Für viele Hundehalter gehört Kotfressen zu den unangenehmsten Verhaltensweisen überhaupt. Kaum ist der Blick einen Moment abgewendet, hat der Hund bereits den Kot eines anderen Hundes, eines Wildtiers, einer Katze oder sogar den eigenen Kot aufgenommen.
Schnell entsteht der Verdacht, dem Hund fehle ein bestimmter Nährstoff. Tatsächlich ist Kotfressen – fachlich Koprophagie genannt – jedoch häufig ein erlerntes, selbstbelohnendes oder erkundendes Verhalten. Besonders Welpen und Junghunde probieren vieles aus ihrer Umgebung aus.
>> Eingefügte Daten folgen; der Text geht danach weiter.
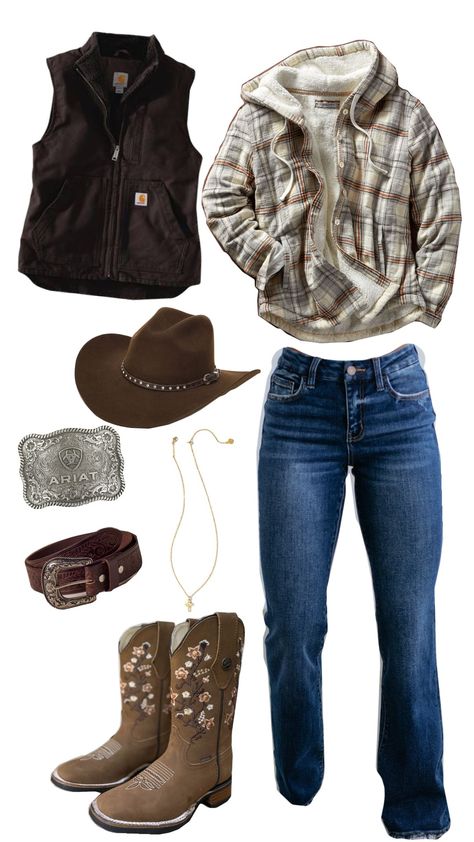 Fall/Winter country fit Hayride Outfit Fall, Western Outfit Ideas Winter, Country Autumn Outfit, Country Fits Aesthetic, Country Outfits Ideas, Country School Fits, Country Girl Fall Outfits, Fall Country Outfits Women, Western Fall Fits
Trotzdem sollte Kotfressen nicht einfach ignoriert werden. Kot kann Parasiten, Bakterien, Viren, Medikamentenrückstände oder andere problematische Stoffe enthalten. Außerdem können in einzelnen Fällen Erkrankungen dahinterstehen, die den Appetit steigern oder die Verdauung und Nährstoffaufnahme beeinträchtigen.
In diesem Ratgeber erfahren Sie, warum Hunde Kot fressen, wann ein Nährstoffmangel tatsächlich infrage kommt, welche gesundheitlichen Risiken bestehen und wie Sie das Verhalten mit Management und Training sinnvoll verändern können.
Kurzantwort: Warum frisst mein Hund Kot?
Bei vielen Hunden ist Kotfressen ein Verhaltensproblem: Der Kot riecht interessant, die Aufnahme belohnt sich selbst, das Verhalten wurde im Welpenalter erlernt oder der Hund bekommt dadurch besonders viel Aufmerksamkeit.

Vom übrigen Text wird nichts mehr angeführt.